In general, the critics praised the Bishop's work as a significant contribution. Of it the Outlook remarked: "His account of the attitude of the Church in its political relations throughout those sad and trying times is free from any tinge of bitterness. Its narrative of the work of bishops and councils, and of the ministries of the church to the soldiers and to the slaves, deserves to be widely read for the little-known facts it records." The Churchman, of New York, declared: "The temper of Bishop Cheshire's narrative is admirable, his account of perplexing constitutional questions that arose from the relations of the Church to the Confederacy and to the Union is clear, his analysis of the issues is penetrating and acute, his conclusions will be generally accepted." The church periodicals, North and South, were unanimous in their praise of the Bishop's work. They felt he had done the American Episcopal Church a great service in preserving this phase of her history. The Church Times, of London, thought that while the book was interesting and informative, it was not fair to the northern church. Many of the reviewers considered the last chapter of the work, which discussed the reunion of the church in 1865, the most interesting and significant. The Bishop was able to write of this particular subject with intimacy, since his father had taken an active part in the reunion.

The Church in the Confederate States is Bishop Cheshire's most important historical contribution. In it his style is direct, simple, and restrained. It describes and interprets a phase of Civil War history which had never before been adequately treated, and since its publication no work on the subject has superseded it. For his information Bishop Cheshire relied almost entirely upon original sources. Some of the more personal incidents, however, were gained from actual participants in that stormy period.

On one of his visitations to Milnor Jones' missions in Watauga County, Bishop Cheshire told Jones that if he should outlive him he would see that some recognition was made of Jones' work. Many years later the Bishop fulfilled his promise by writing the volume, Milnor Jones, Deacon and Missionary. The greater part of this biography is devoted to the years 1894-1897, which Jones spent in the mountains of North Carolina. It is an interesting picture of that most unique character, and a good description of both the difficult and sometimes amusing sides of missionary work in the mountains. Although the Bishop liked and admired Jones, he did not fail to bring out his faults as well as his many virtues.

Bishop Cheshire's last important literary work[47] was his reminiscences of personalities and incidents in North Carolina history. He gave these memories the title Nonnulla, meaning "Not Nothings." The Bishop began this book on his seventy-fifth birthday, and completed it five years later. He included in it stories and anecdotes about people and places not customarily found in the serious histories, but which are not entirely without significance "as illustrating, in an informal and familiar way, the life of our State and our people." Nonnulla is replete with human interest to North Carolinians, and contributes much to their understanding of some of the characters who helped to build their state.

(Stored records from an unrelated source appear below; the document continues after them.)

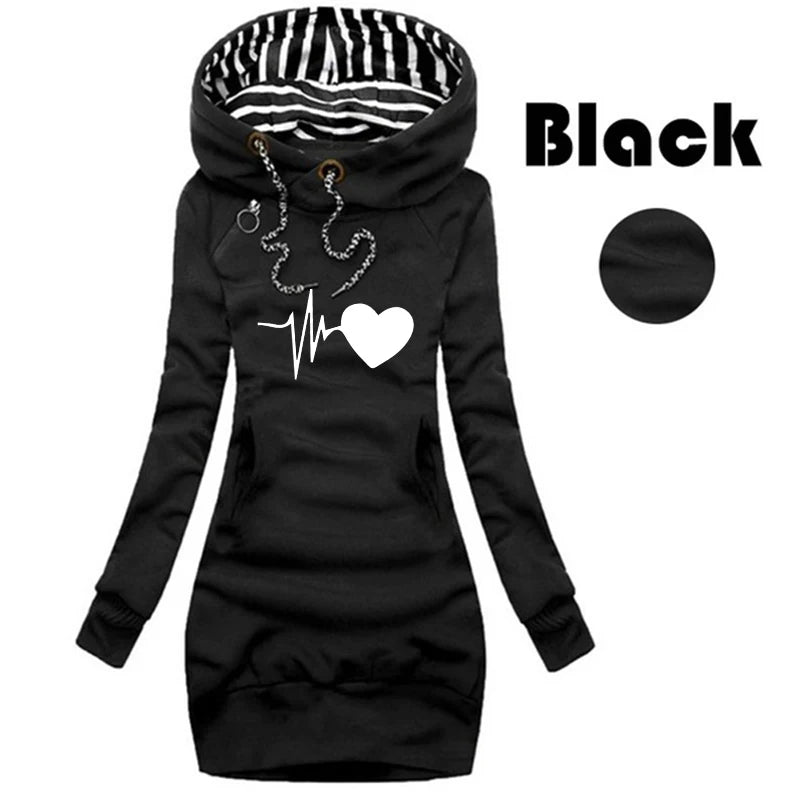 New electrocardiogram Printed Women Autumn Winter Solid Color Long Sleeve Casual Hoodies Dress Sweater Dress S-3XL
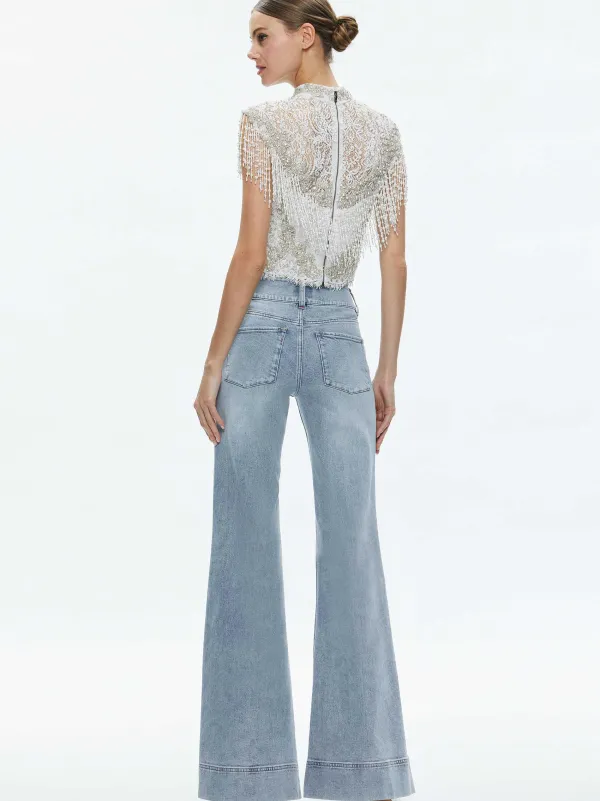 Women Alice and Olivia Pria Embellished Mock Neck Fringe Top
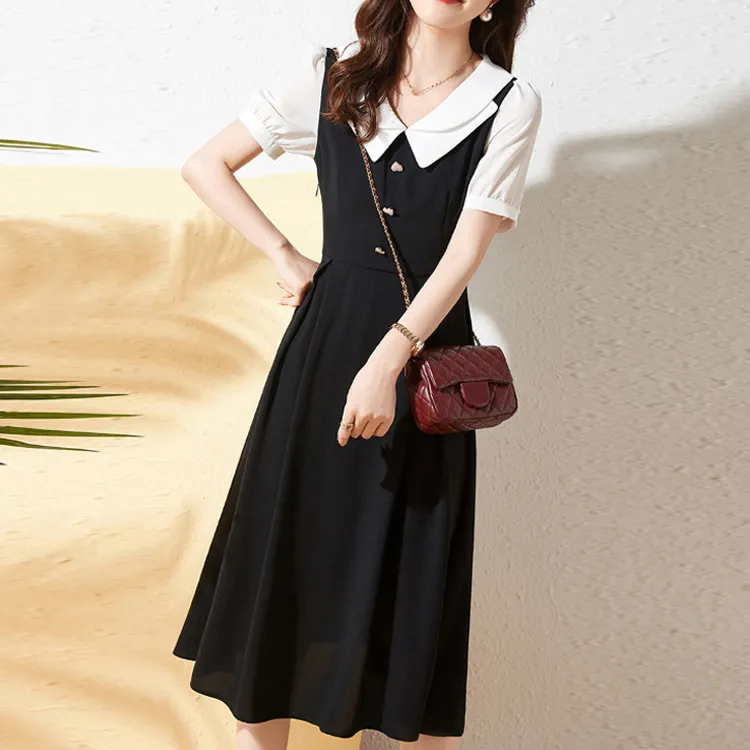 Mo Han Yi Mei Short-Sleeved Dresses Women's Black White Color Blocking-3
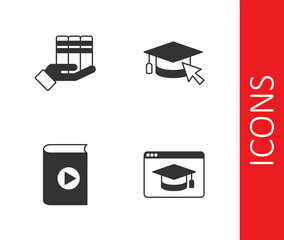 Set Online education, Book donation, Audio book and Graduation cap with cursor icon. Vector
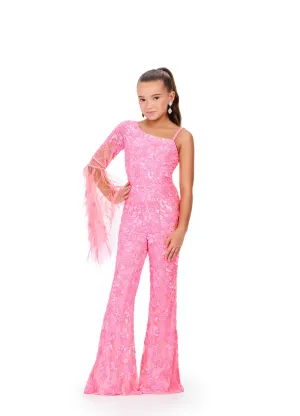 Ashley Lauren Kids 8268 Girls Beaded Pageant Jumpsuit Long Feather Bell Sleeve Fun Fashion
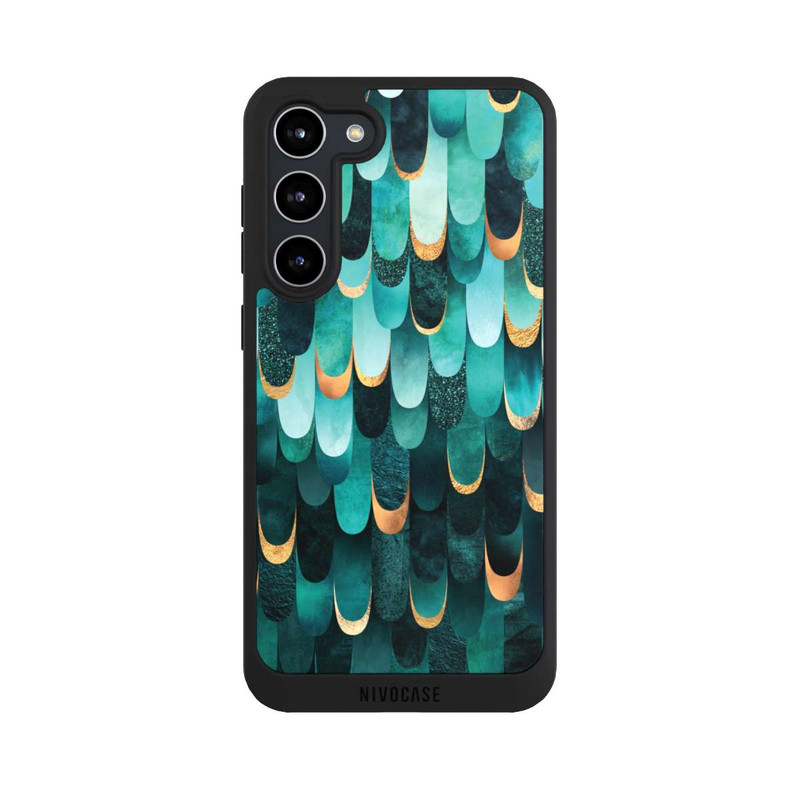Galaxy S23 + NIVOpure Gefiedert Türkis Golddruck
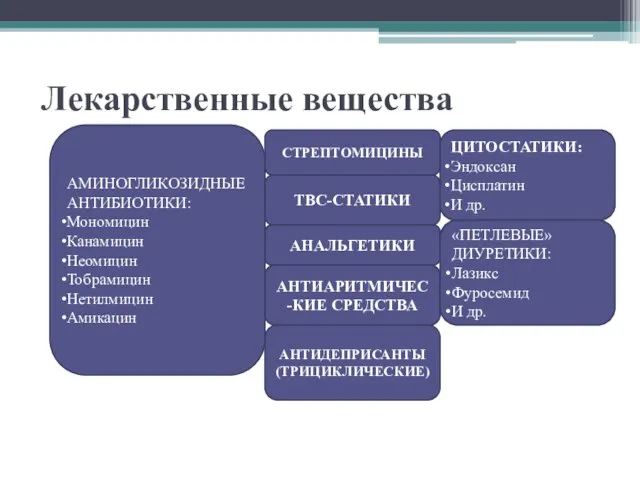 Лекарственные вещества АМИНОГЛИКОЗИДНЫЕ АНТИБИОТИКИ: Мономицин Канамицин Неомицин Тобрамицин Нетилмицин Амикацин СТРЕПТОМИЦИНЫ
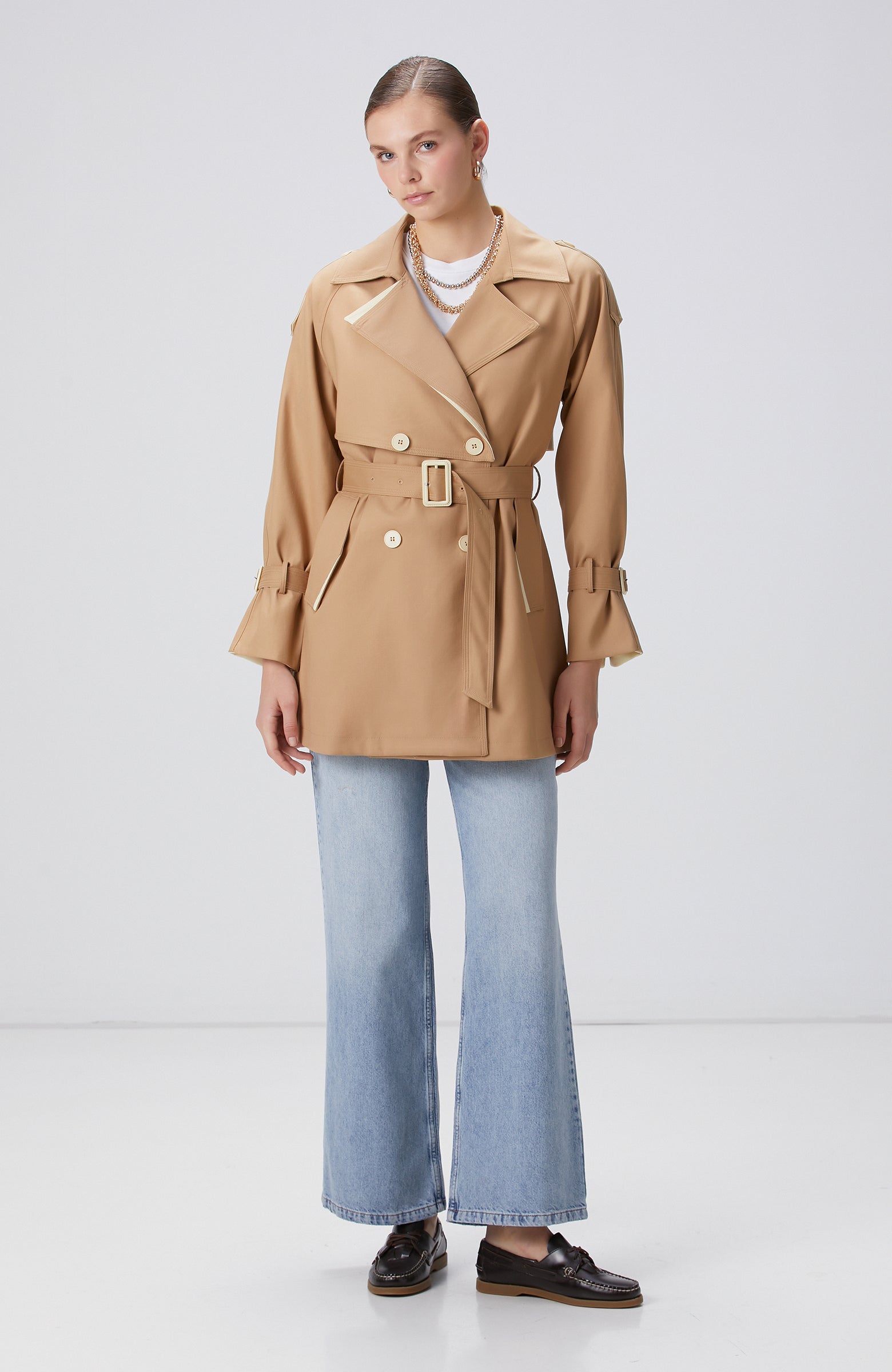 WOMEN'S Beige Double-Breasted Trench Coat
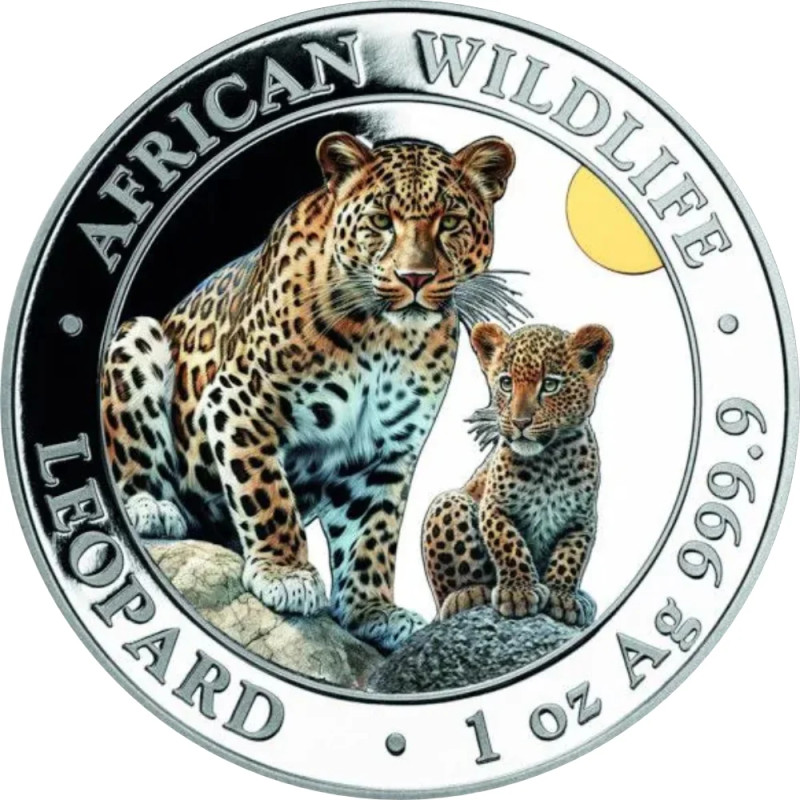 Stříbrná mince 1 Oz African Wildlife Leopard 2024 Kolorováno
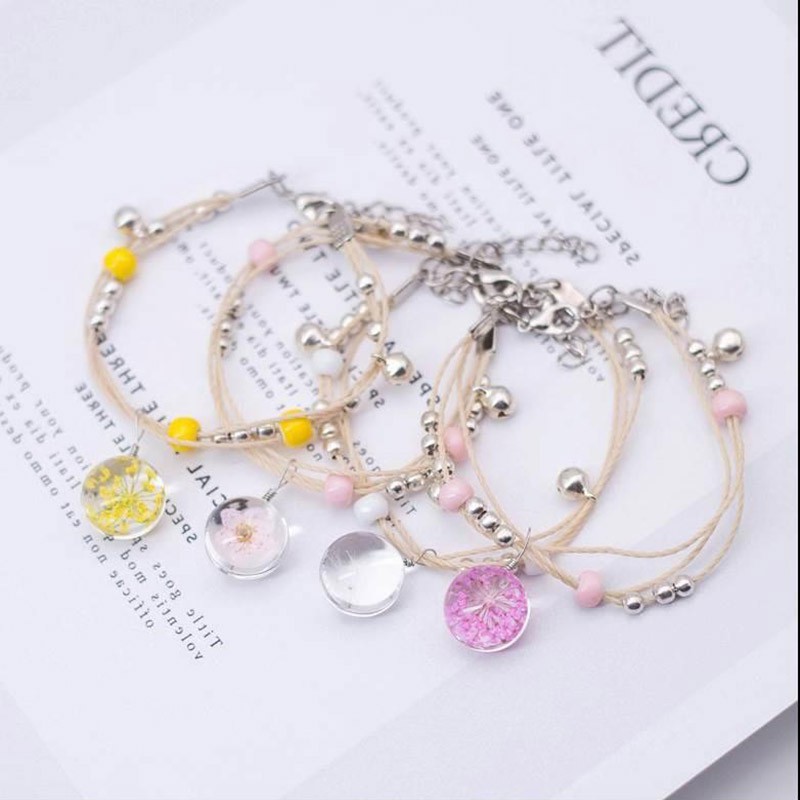 Vòng tay thủy tinh ép hoa tam sinh tam thế | BigBuy360 - bigbuy360.vn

In recognition of Bishop Cheshire's contributions to North Carolina history, the State Literary and Historical Association elected him its president for 1931. In his presidential address the Bishop discussed the religious provisions of the Fundamental Constitutions prepared by John Locke for the Lords Proprietors of Carolina. Although Locke's document was never put into effect, its provisions for religious freedom, in the Bishop's opinion, "perhaps found lodgment in the life of the people and attained a better development in their subsequent history."[48] While the Church of England was made the established church of the colony, liberty of conscience was permitted to all except atheists. Elaborating upon the theme of religious freedom, he demonstrated that the colonial government did not practice religious intolerance even though laws were enacted for the support of an established church.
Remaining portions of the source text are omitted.